• [Information shown]:
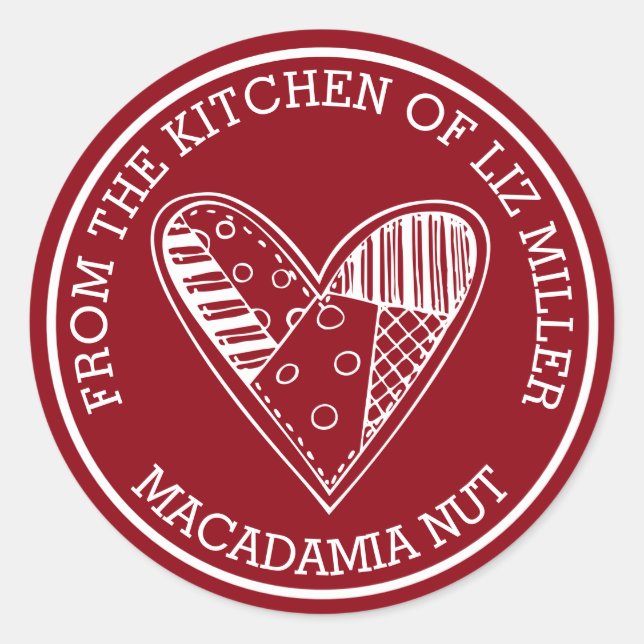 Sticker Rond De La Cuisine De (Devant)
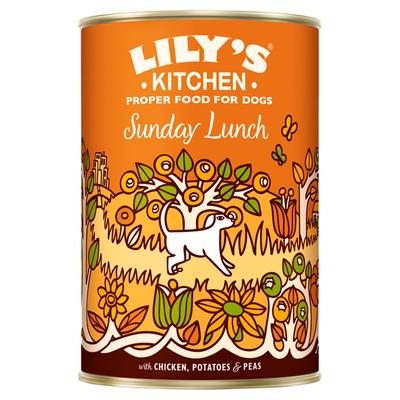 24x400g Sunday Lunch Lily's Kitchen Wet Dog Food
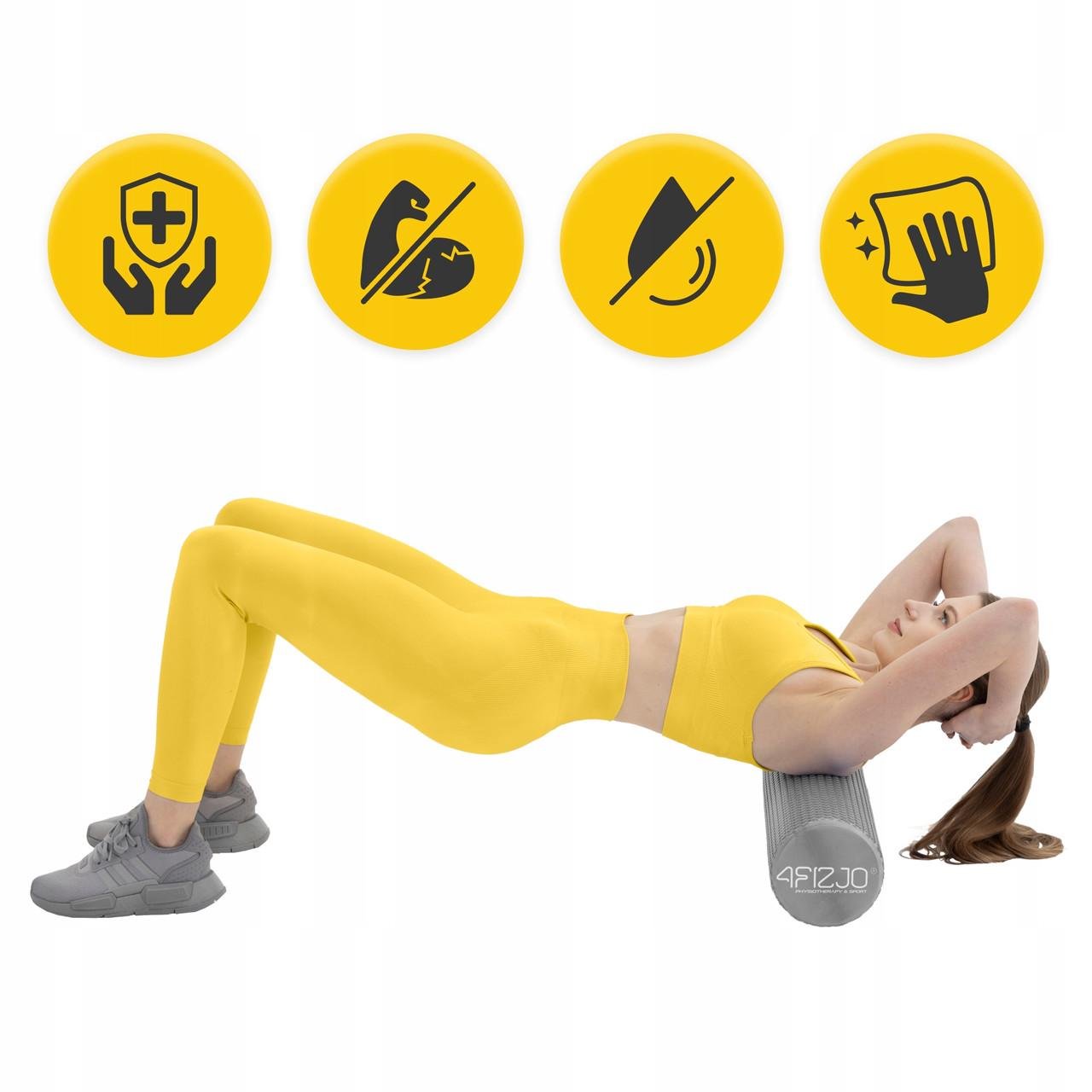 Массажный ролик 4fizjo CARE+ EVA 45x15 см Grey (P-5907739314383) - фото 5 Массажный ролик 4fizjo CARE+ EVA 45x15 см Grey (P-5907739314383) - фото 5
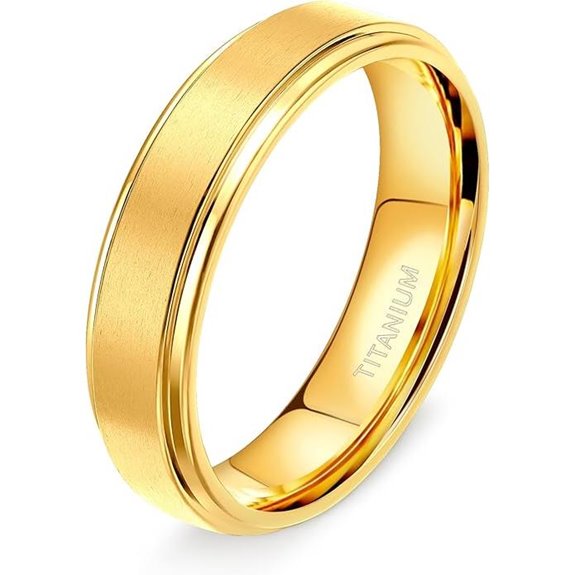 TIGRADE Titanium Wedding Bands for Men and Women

• [Your instructions]:
Copy each line above precisely, dropping the pictures.

• [Result for this task]:
 Sticker Rond De La Cuisine De (Devant)
 24x400g Sunday Lunch Lily's Kitchen Wet Dog Food
 Массажный ролик 4fizjo CARE+ EVA 45x15 см Grey (P-5907739314383) - фото 5 Массажный ролик 4fizjo CARE+ EVA 45x15 см Grey (P-5907739314383) - фото 5
 TIGRADE Titanium Wedding Bands for Men and Women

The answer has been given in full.